À Saint-Louis (Haut-Rhin). m.a.r.c./Flickr, CC BY-SA

Un bâtiment peut-il produire autant d’énergie qu’il en consomme à l’échelle de l’année ? C’est ce que laisse à penser les labels, certifications, classements ou même marques déposées concernant l’efficacité énergétique du bâtiment qui n’ont cessé de se multiplier. La liste est impressionnante : BEPOS, bâtiments passifs, Zero Energy Buildings, BBC, Effinergie, Minergie, BREEAM, LEED…

C’est effectivement vrai, car il existe aujourd’hui de nouvelles solutions technologiques capables de réduire la consommation au minimum, et de compenser le reliquat par une production locale, souvent renouvelable.

Le secteur du bâtiment représente un enjeu clé dans la maîtrise des énergies. En France, il est en effet, et de loin, le premier poste de consommation d’énergie (45 %), devant les transports (33 %), l’industrie (19 %) et l’agriculture (3 %).

En tête : le chauffage, qui constitue la principale dépense énergétique (65 % de l’énergie finale consommée dans les résidences principales).

Les progrès réalisés ces 40 dernières années sur les isolants, les vitrages, le solaire thermique et photovoltaïque, les solutions d’éclairages sont tels que les bâtiments neufs peuvent désormais se contenter de peu d’énergie, voire devenir contributeurs.

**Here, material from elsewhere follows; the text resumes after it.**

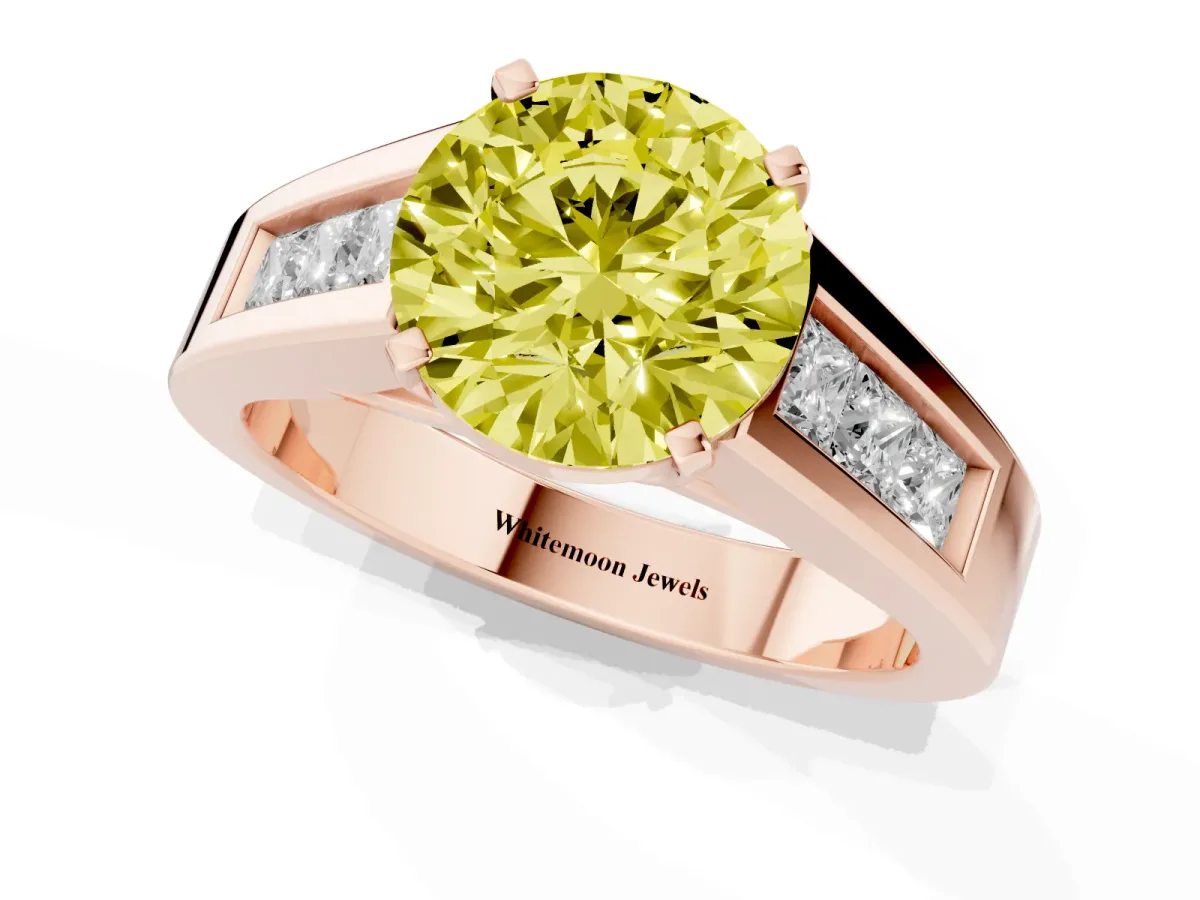 Fancy Yellow Round Cut Cut Channel Set Solitaire Ring with Four-Prong Setting Rose gold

Mais cela va-t-il nous permettre d’atteindre les objectifs transcrits dans le protocole de Kyoto ? Rien n’est moins sûr.

Un effet à la marge

Imaginons que vous êtes au volant de votre voiture, roulant sur la réserve, et que vous essayez d’économiser le plus d’énergie possible pour atteindre la prochaine station-service. Pensez-vous qu’éteindre l’autoradio fera la différence ? Éteindre l’autoradio permettra d’économiser 100W sur les 60KW du moteur, soit 0,2 %. Si l’on considère que les bâtiments neufs représentent 1 % du bâti existant, et qu’ils sont en moyenne 5 fois plus sobres en énergie que les anciens, cela fait 0,2 % d’économie. Autrement dit, un effort supplémentaire sur l’efficacité énergétique des bâtiments neufs reviendrait à éteindre l’autoradio pour économiser du carburant !

L’exemple est extrême, bien sûr. Cependant, en se concentrant sur la construction neuve, et sur les « smart cities », les efforts n’ont finalement qu’un effet « à la marge », oubliant que l’essentiel du gisement de consommation – donc d’efficacité énergétique – se situe dans le bâti ancien.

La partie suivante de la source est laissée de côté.